We have random variables $X,X_1,X_2,I_1$ and $I_2$ which are independent, $X,X_1$ and $X_2$ have the same distribution and $I_1,I_2 \sim \text{Bernoulli}\left(\frac{1}{2}\right)$. The following holds $$X = 2+I_1X_1+I_2X_2.$$ We need to compute the probability-generating function os $X$.
So $I_1$ and $I_2$ are indicators and we have:
- $X \mid \{I_1 = 1, I_2 = 1\} \sim 2+X_1+X_2$ therefore $\mathbb{E}[s^X\mid I_1 = 1, I_2 = 1] = s^2M_X(s)^2$,
- $X \mid \{I_1 = 0, I_2 = 1\} \sim 2+X_2$ therefore $\mathbb{E}[s^X\mid I_1 = 0, I_2 = 1] = s^2M_X(s)$,
- $X \mid \{I_1 = 1, I_2 = 0\} \sim 2+X_1$ therefore $\mathbb{E}[s^X\mid I_1 = 1, I_2 = 0] = s^2M_X(s)$,
- $X \mid \{I_1 = 0, I_2 = 0\} \sim 2$ therefore $\mathbb{E}[s^X\mid I_1 = 0, I_2 = 0] = s^2$.
From there we get $$M_X(s)=\sum_{i,j\in\{0,1\}}\mathbb{E}[s^X\mid I_1 = i, I_2 = j]\cdot\mathbb{P}(I_1 = i, I_2 = j).$$ Because $I_1$ and $I_2$ are independent and $\sim \text{Bernoulli}\left(\frac{1}{2}\right)$ we get $\mathbb{P}(I_1 = i, I_2 = j)=\frac{1}{4}$. We get the equation $$M_X(s) = \frac{s^2}{4}M_X(s)^2 + \frac{s^2}{2}M_X(s)+\frac{s^2}{4}$$ and from there $$\frac{s^2}{4}M_X(s)^2 + \left(\frac{s^2}{2}-1\right)M_X(s)+\frac{s^2}{4} = 0.$$ Solving the quadratic we get $$M_X(s)=\frac{2-s^2\pm\sqrt{1-s^2}}{s^2}.$$
So now my question; which sign before the square root should I choose to get the PGF of $X$? (If I have made any mistakes, please correct me xD.)
There isn't a distribution for $X, X_1, X_2$ to satisfy the above properties.
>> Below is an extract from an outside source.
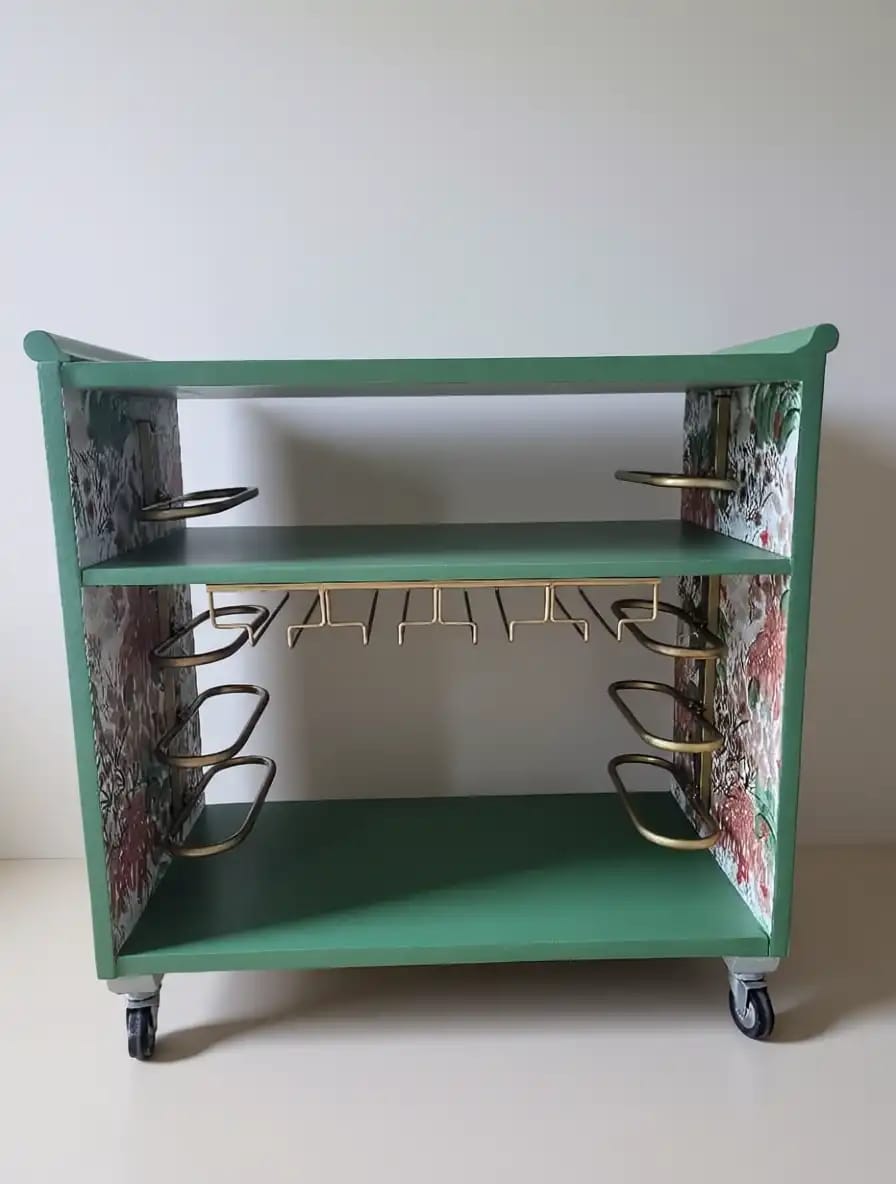 Servierwagen als Bar - stilvoller Blickfang auf Rollen – Bild 2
The series expansions for both roots are \begin{align*} G_1(s) = \frac{2-s^2 + \sqrt{1-s^2}}{s^2} &= 3s^{-2} - \frac{3}{2}s^0 - \frac{1}{8}s^2 - \cdots \\ G_2(s) =\frac{2-s^2 - \sqrt{1-s^2}}{s^2} &= s^{-2} \color{red}{- \frac{1}{2}s^0} + \frac{1}{8}s^2 + \cdots \end{align*} For $G_1(s)$, all coeffients are not bounded between $[0, 1]$, and for $G_2(s)$, the coefficient of $s^0$ is negative.
In general, you verify if the resulting solutions satisfy the properties of a PGF; if multiple solutions satisfy, then you have non-unique distributions which satisfy your original property.